I am having trouble parsing an XML with no closing tag. Please see snippet of the xml below.
I have tried SAX and also StAX Parser they both need a properly formatted XML with closing tag XXYY....as you can see below the XML format is a little bit different... Please help me if there is any API out there that can help me parse this or if SAX/StAX can help me achieve what I want.... :(
<Employees>
<Employee>
<Detail>
<Date>2018014
<Name>XXYY
<Age>0
<LANGUAGE>ENG
<Manager>
<MName>YYXX
<MID>5959
</Manager>
<EmployeeID>1234
</Detail>
</Employee>
</Employees>
You could "fix" the XML by adding all the missing end-tags.
Any start-tag that contains text after the tag, on the same line, could be fixed by adding an end-tag at the end of the line.

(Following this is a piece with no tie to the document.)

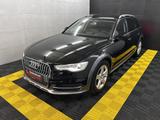 Audi A6 Allroad 3.0 TDI+AHK+Quattro+Xenon+Kam+Temp - Audi A6 Allroad Gebrauchtwagen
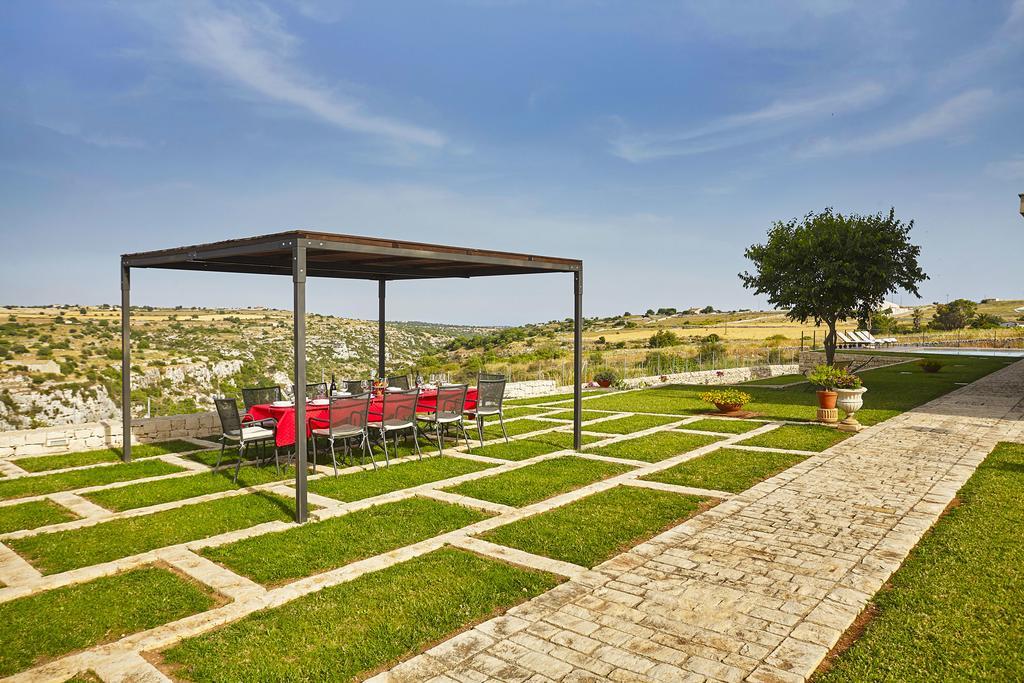 Casa Al Castello Guest House Ragusa Bagian luar foto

The rule of "contains text" ensures that e.g. the <Manager>
tag doesn't get ended, since that is actually ended 3 lines down.
Example working code:
// Load file into memory
String xml = new String(Files.readAllBytes(Paths.get("test.xml")), StandardCharsets.UTF_8);
// Apply magic to add missing end-tags
xml = xml.replaceAll("(?m)^(\\s*)<(\\w+)>([^<]+)$", "$1<$2>$3</$2>");
// Parse then print the XML, to ensure there are no errors
Document document = DocumentBuilderFactory.newInstance().newDocumentBuilder()
.parse(new InputSource(new StringReader(xml)));
TransformerFactory.newInstance().newTransformer()
.transform(new DOMSource(document), new StreamResult(System.out));
That appears to be SGML not XML. I've answered a newer question (for Javascript/node.js, but relevant to Java as well) detailing how to use the OpenSP SGML software to create XML from SGML.